O Governo acabou por se decidir pela proposta chinesa para a venda dos 21,35% do Estado Português. A empresa estatal chinesa passa a ser a voz decisiva na EDP, um vez que os direitos de voto estão limitados a quem detem pelo menos 20% e o segundo maior accionista, a Iberdrola, possui 6,79% da empresa.

Por esta via, a eléctica chinesa entra no mercado brasileiro, uma aposta interessante para o entrosamento nos interesses do capital chinês no também emergente colosso sul-americano. Note-se que a EDP Brasil é detida a 51% pela EDP e que o restante capital desta empresa está disperso. A aposta no Brasil é tal que 50% do investimento nos novos projectos da EDP no Brasil serão financiados pela China Three Gorges Corporation.

Ao nível da banca, a aposta do capital chinês também se faz notar.
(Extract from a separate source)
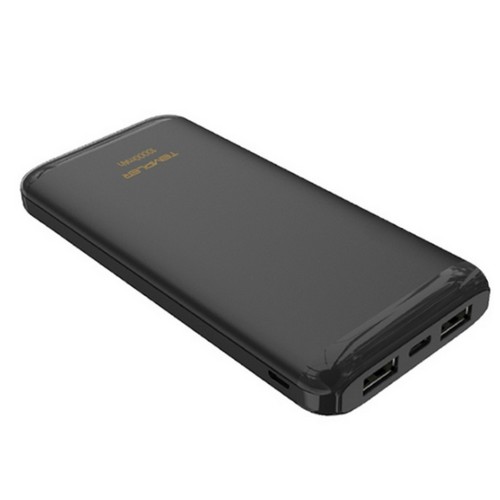 지스타코리아 TEMPLER 네오 보조배터리 QTM-MP38-10K 10000mAh_이미지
O interesse manifestato há um ano, durante a vista de Hu Jintao a Portugal, de investimento chinês no maior grupo privado português ganha agora outra propriedade. Houve conversações não só entre o BCP e o ISBC, maior grupo financeiro chinês, mas também com China Development Bank e outros bancos chineses. Aposição alcançada numa empresa estratégica como a EDP agussa o interesse do capital chinês em deter uma posição importante também na banca portuguesa.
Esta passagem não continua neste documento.